2.8. Appellanten voeren aan dat verweerder de in deze procedure herhaalde en ingelaste zienswijzen die zij hebben ingebracht in de planologische procedure, ten onrechte buiten beschouwing heeft gelaten nu hierin ook milieuhygiënische aspecten aan de orde zijn gesteld.
Het enkele feit dat niet expliciet is ingegaan op deze zienswijzen, die - zo moet uit het verhandelde ter zitting worden begrepen - betrekking hebben op stofhinder en brandgevaar als gevolg van de opslag en verwerking van riet, rechtvaardigt niet de conclusie dat het bestreden besluit in strijd is met artikel 3:46 van de Algemene wet bestuursrecht. Ook overigens bestaat, gelet ook op het vorenstaande, geen aanleiding voor dit oordeel.
2.9. Het beroep is ongegrond.
2.10. Voor een proceskostenveroordeling bestaat geen aanleiding.

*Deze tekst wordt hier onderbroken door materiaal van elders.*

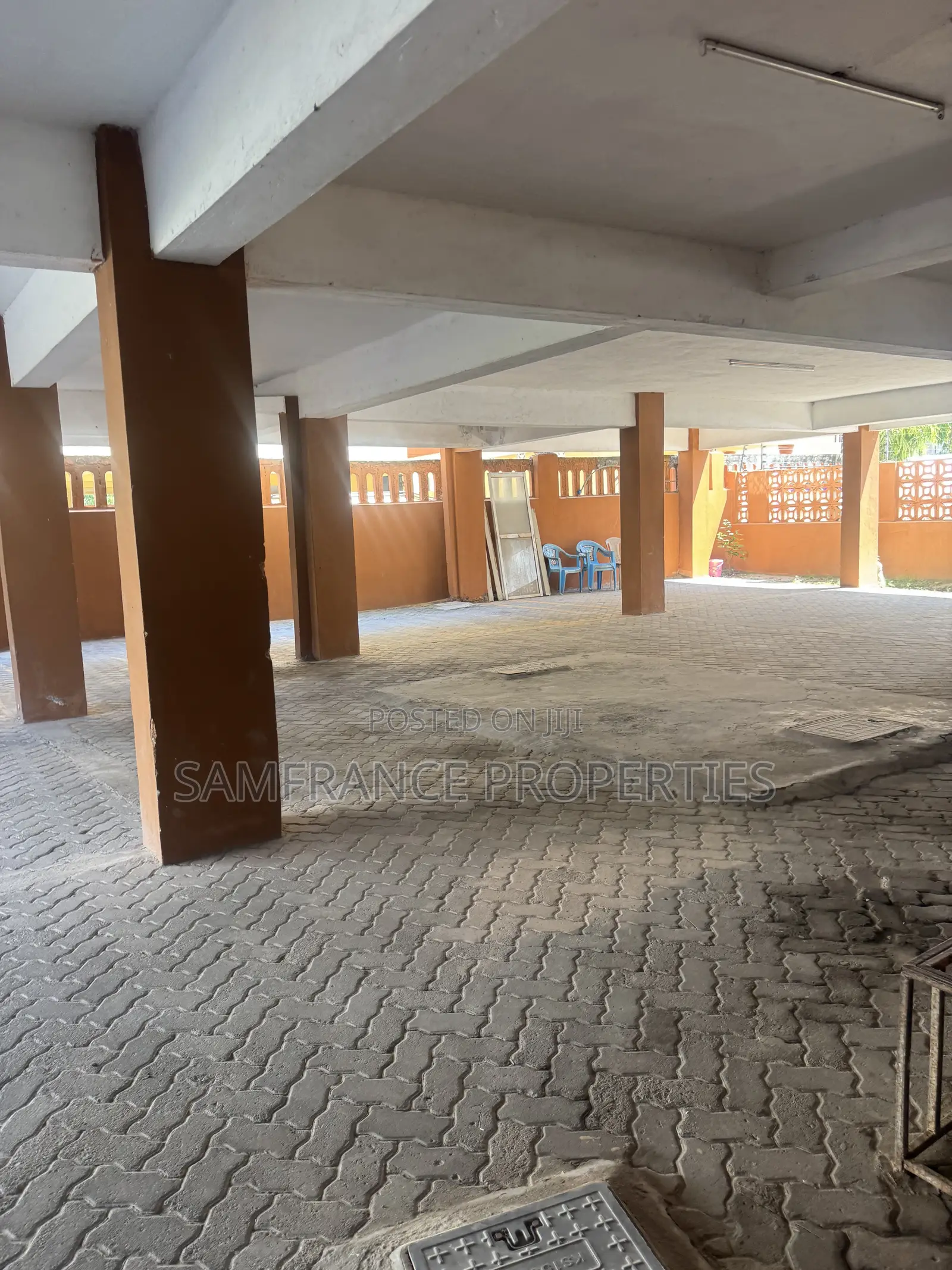 3bdrm Apartment in Links Road, Nyali for rent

De Afdeling bestuursrechtspraak van de Raad van State
Recht doende in naam der Koningin:
verklaart het beroep ongegrond.
Aldus vastgesteld door mr. K. Brink, Lid van de enkelvoudige kamer, in tegenwoordigheid van mr. D. van Leeuwen, ambtenaar van Staat.
w.g. Brink w.g. Van Leeuwen
Lid van de enkelvoudige kamer ambtenaar van Staat
Uitgesproken in het openbaar op 6 december 2006.